Direct convolution works by iterating through every possible overlap position between two arrays. For small arrays, this is perfectly fine. But once array sizes grow beyond a few hundred elements, the number of multiply-accumulate operations grows rapidly. The FFT-based method avoids this by taking advantage of the Convolution Theorem, which states that the Fourier transform of a convolution equals the product of the individual Fourier transforms.

Note

As of SciPy v0.19, the general scipy.signal.convolve function automatically chooses between direct convolution and fftconvolve based on which method it estimates will be faster. You can still call fftconvolve directly when you know the FFT approach is the right choice for your data.

The general rule of thumb is that fftconvolve outperforms direct convolution when both input arrays have more than roughly 500 elements. For smaller arrays or when only a few output values are needed, the overhead of computing two FFTs and an inverse FFT can make the direct method faster.
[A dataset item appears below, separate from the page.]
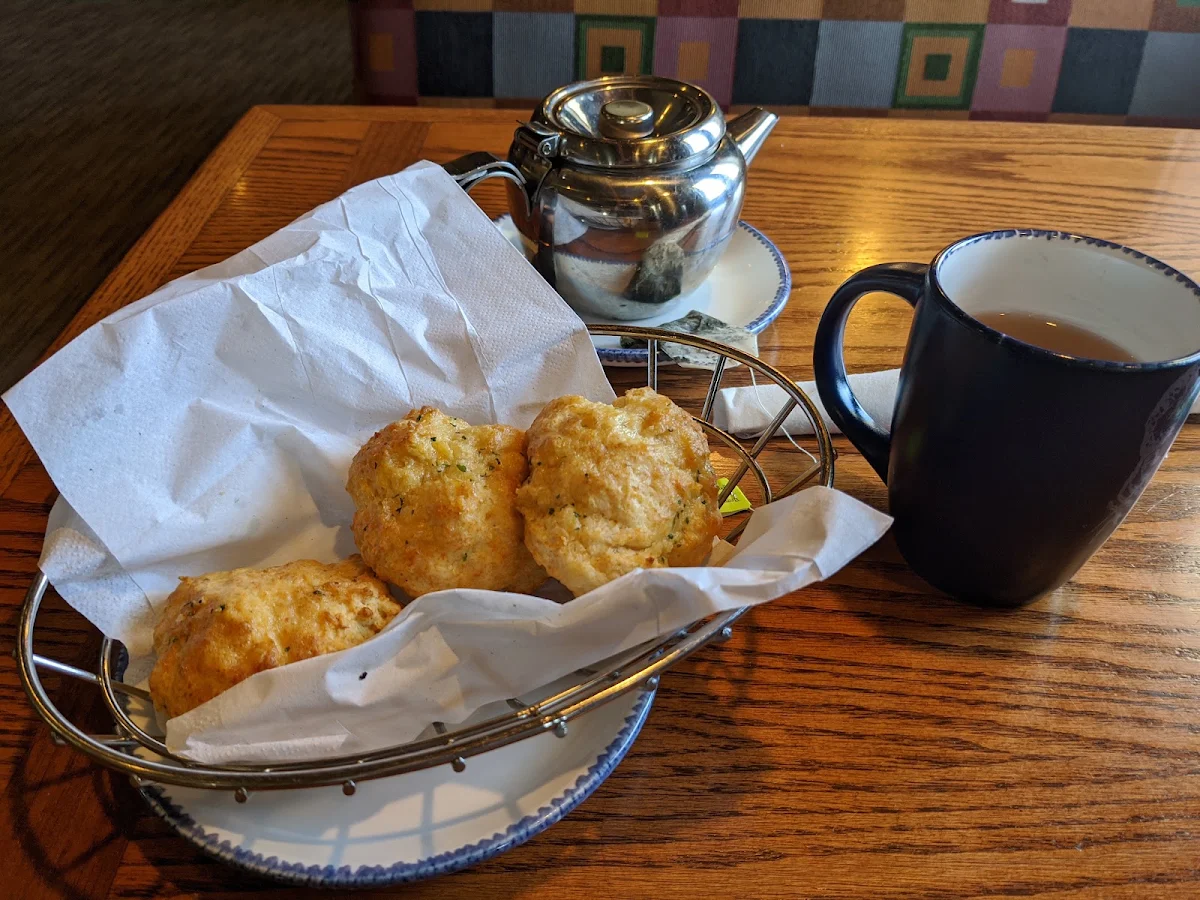 Lobster Biscuits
Syntax, Parameters, and Output Modes

The function signature is straightforward:

scipy.signal.fftconvolve(in1, in2, mode='full', axes=None)

Here is what each parameter does:

in1 is the first input array. It can be any array-like object and supports any number of dimensions. in2 is the second input array. It must have the same number of dimensions as in1, though the sizes along each dimension can differ.

The mode parameter controls the size of the output array and accepts three string values:

  • 'full' (default) — Returns the complete discrete linear convolution. For 1D arrays of length n and m, the output length is n + m - 1. This includes all positions where the two arrays overlap, including partial overlaps at the edges where zero-padding fills in the gaps.
  • 'same' — Returns an output array with the same shape as in1. The result is centered relative to the full convolution output. This mode is particularly useful in image processing where you want the output to match the dimensions of the input.
  • 'valid' — Returns only the elements of the convolution where both arrays fully overlap, with no zero-padding involved. For this mode to work, one input must be at least as large as the other in every dimension.

The axes parameter specifies which axes to compute the convolution over. When set to None (the default), the convolution is computed over all axes. This is useful when you have multidimensional data but only want to convolve along specific dimensions.

Here is a quick example showing each mode in action:

import numpy as np
from scipy.signal import fftconvolve

signal = np.array([1, 2, 3, 4, 5])
kernel = np.array([1, 0, -1])

full_result = fftconvolve(signal, kernel, mode='full')
same_result = fftconvolve(signal, kernel, mode='same')
valid_result = fftconvolve(signal, kernel, mode='valid')

print("Full:  ", full_result)   # length = 5 + 3 - 1 = 7
print("Same:  ", same_result)   # length = 5 (matches signal)
print("Valid: ", valid_result)   # length = 5 - 3 + 1 = 3

The output will be:

Full:   [ 1.  2.  2.  2.  2. -4. -5.]
Same:   [ 2.  2.  2.  2. -4.]
Valid:  [2. 2. 2.]
Pro Tip

The fftconvolve function always outputs float arrays, even when both inputs are integers. If your downstream code expects integer arrays, you will need to cast the result with .astype(int) or np.round() followed by a cast.

Practical Examples

Autocorrelation of a Signal

One common use of fftconvolve is computing the autocorrelation of a signal, which measures how similar a signal is to a delayed version of itself. To do this, you convolve the signal with its time-reversed copy:

import numpy as np
from scipy.signal import fftconvolve

rng = np.random.default_rng(42)
sig = rng.standard_normal(1000)

# Autocorrelation via fftconvolve
autocorr = fftconvolve(sig, sig[::-1], mode='full')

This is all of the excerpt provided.